Egham, UK, December 7, 2006 — Gartner Inc. today unveiled a preview of its annual ‘CIO New Year Resolutions’, advising CIOs what to ‘start, do more of, stop as well as learn’ in 2007. The Gartner resolutions are designed to help CIOs create more value for their business and differentiate their own performance from that of their peers.

“2007 will see mounting demand for business growth and agility, rapid development of consumer technology and increasing availability of new infrastructure tools, at the same time as the evolution of the IT organisation continues to pick up pace,” said John Mahoney, vice president and distinguished analyst at Gartner. “This will require CIOs to have a fairly ambitious list of ‘new year resolutions’ for 2007, in addition to the big main agenda projects that other people depend on them to deliver in a timely way.”

Mark Raskino, vice president and Gartner fellow added, “2007 will bring some genuinely new puzzles that CIOs must solve for themselves or risk ‘following the rest of the herd over the cliff’.”

Gartner’s advice on what CIOs should START in 2007

1. Create an IT leadership generation succession plan
2. Track and improve the environmental performance of your IT
3. Identify, enable and provide incentives for true innovators

As the baby boomer generation, born 1946-1964, start to retire en masse, IT departments will lose wisdom and leadership. According to Gartner, this also presents an opportunity to clear out some ’dead wood’; for example people that were over-promoted in the early days of IT and some out-dated attitudes stifling progressive thought.

Mr Raskino said, “Don’t assume the next generation of IT leadership should look the same as the last. Identify your best generation X people born in the 60s and 70s, then start giving them challenging projects and operational responsibilities to complete their experience. Bear in mind that future IT management will need skill traits more common amongst women, people with experience from multiple disciplines, business skills and proven change management success.”

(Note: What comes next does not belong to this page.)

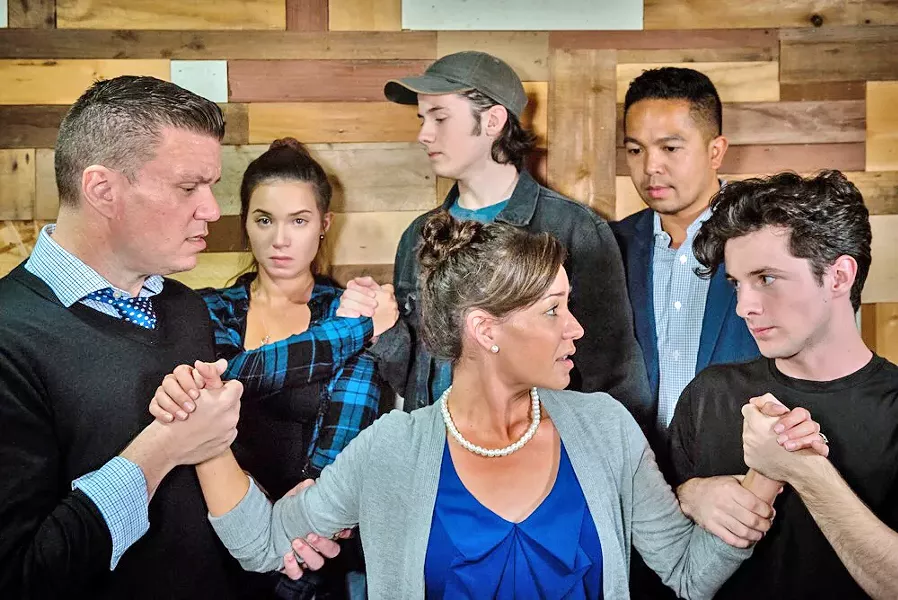 WE STILL GO ON As Diana (Veronica Suber, center) grapples with bipolar disorder, everyone in her life—her husband, Dan (Gary Borjan); daughter Natalie (Julia Seibert) and her boyfriend, Henry (Phineas Peters); therapist Dr. Madden (Ritchie Bermudez); and the memory of her deceased son, Gabe (Elliot Peters)—navigates the illness in their own way. - PHOTO COURTESY OF WINE COUNTRY THEATRE
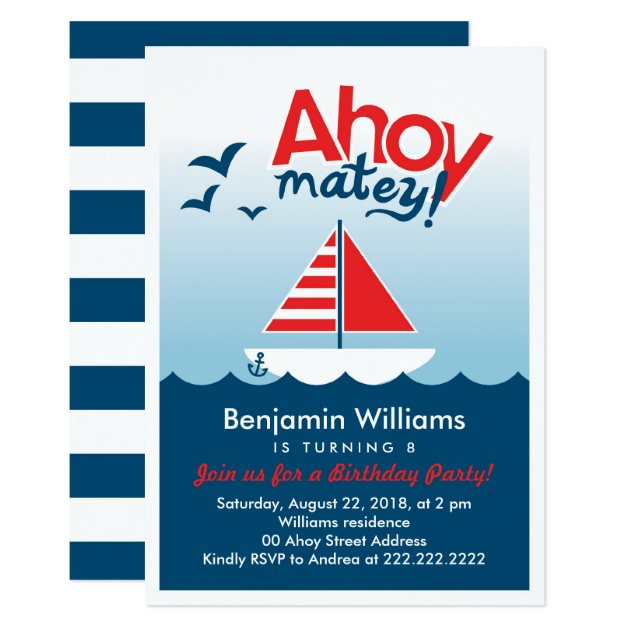 Nautical Ahoy Matey Birthday Party Invite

In addition, identifying individuals with the creativity, ability and a determination to overcome corporate inertia and take new ideas to action is paramount for IT to deliver business innovation. In a poll at the Gartner Symposium this autumn, 80 percent of respondents said this is a priority, however, only 20 percent had a systematic innovation program in place.

Mr Mahoney highlighted that climate change, whether real or a widespread perception, is a strategic discontinuity which enterprises, their IT organisations and IT vendors must respond to. “CIOs need to make sure they get their own house in order by setting targets for IT’s contribution to electrical efficiency, recycling, travel reduction and equipment lifecycle management,” he said. “They should also add environmental sustainability to their list of equipment, services and vendor selection criteria.”

Gartner’s advice on what CIOs should do MORE of in 2007

1. Help HR become strategic
2. Improve frontline business experience
3. Re-establish visibility of total enterprise spend on technology

Social networks, collaboration, remote working, collective intelligence and web 2.0; the range of socio-technical phenomena allowing people to interact, create value and contribute it in new ways is changing fast. This will transform the nature of business organisation, labour supply, rights and responsibilities.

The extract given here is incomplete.